Based on these results, treatment-experienced genotype 2 patients with cirrhosis had "high SVR12 rates with all regimens," while genotype 3 patients had "higher SVR12 rates with sofosbuvir plus pegylated interferon/ribavirin than with sofosbuvir plus ribavirin for 16 or 24 weeks," the researchers concluded. They added that all three regimens were "well-tolerated with a low rate of treatment discontinuation due to adverse events."

Foster noted that these were the highest sustained response rates observed to date for this challenging genotype 3 patient population in a Phase 3 study.

Focusing on the patients he described as the "toughest of the tough" -- genotype 3 prior non-responders with cirrhosis -- the cure rate rose from just 47% for sofosbuvir plus ribavirin taken for 16 weeks to 86% for the interferon-containing regimen taken for 12 weeks. All other subgroups had SVR12 rates above 80% using the interferon-free dual regimen for 24 weeks, confirming that this is the preferred duration for difficult-to-treat patients.
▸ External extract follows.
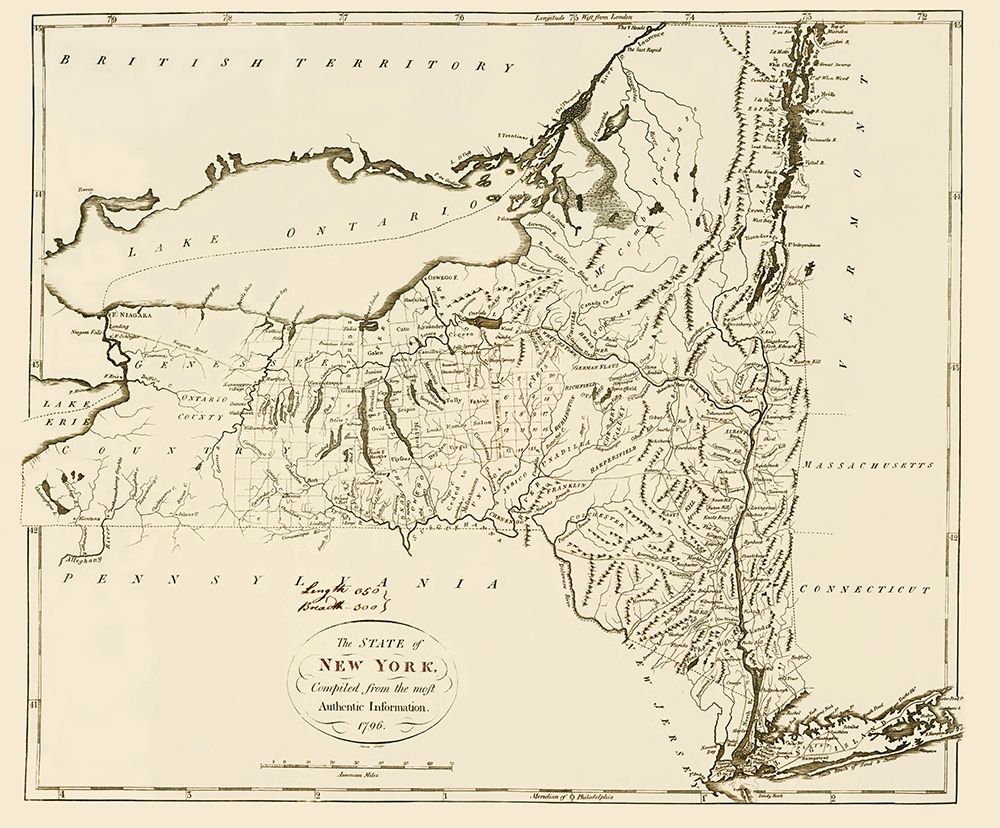 New York - 1796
The short interferon-containing regimen in this study was "by and large very well-tolerated," Foster said. This surprisingly good tolerability may be attributable to its short duration. Before the advent of direct-acting antivirals the usual course of pegylated interferon/ribavirin was 24 weeks for HCV genotypes 2 and 3 or 48 weeks for genotypes 1 and 4.
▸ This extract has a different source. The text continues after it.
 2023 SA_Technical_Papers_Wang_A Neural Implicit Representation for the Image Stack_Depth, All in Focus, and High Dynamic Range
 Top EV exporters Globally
While most hepatitis C patients and providers seek to avoid interferon-containing therapy in the direct-acting antiviral era, Foster said that "interferon may still have a role to play" in niche patient populations.

"I don't think any of us are happy going back to interferon and ribavirin, but these are patients who can't wait for the next generation [of antivirals]," he said. "It is an interim solution -- I don't think any of us are pretending this is a prefect long-term option."

Asked about using sofosbuvir/ledipasvir (Harvoni) for this patient population, Foster explained that ledipasvir "doesn't have much activity" against HCV genotype 3. Sofosbuvir plus Bristol-Myers Squibb's HCV NS5A inhibitor daclatasvir (Daklinza) is a potential interferon-free alternative. Gilead Sciences, which produces sofosbuvir and Harvoni, is also working on a pangenotypic NS5A inhibitor (GS-5816) with more potent activity against genotype 3.



GR Foster, S Pianko, C Cooper, K Agarwal, et al. Sofosbuvir + peginterferon/ribavirin for 12 weeks vs sofosbuvir + ribavirin for 16 or 24 weeks in genotype 3 HCV infected patients and treatment-experienced cirrhotic patients with genotype 2 HCV: the BOSON study. 2015 International Liver Congress: 50th Annual Meeting of the European Association for the Study of the Liver (EASL). Vienna, April 22-26, 2015. Abstract L05.

Other Source

Gilead Sciences. Gilead Announces Results From Studies Evaluating Sofosbuvir-Based Regimens in Chronic Hepatitis C Patients With Genotypes 2-5. Press release. April 25, 2015.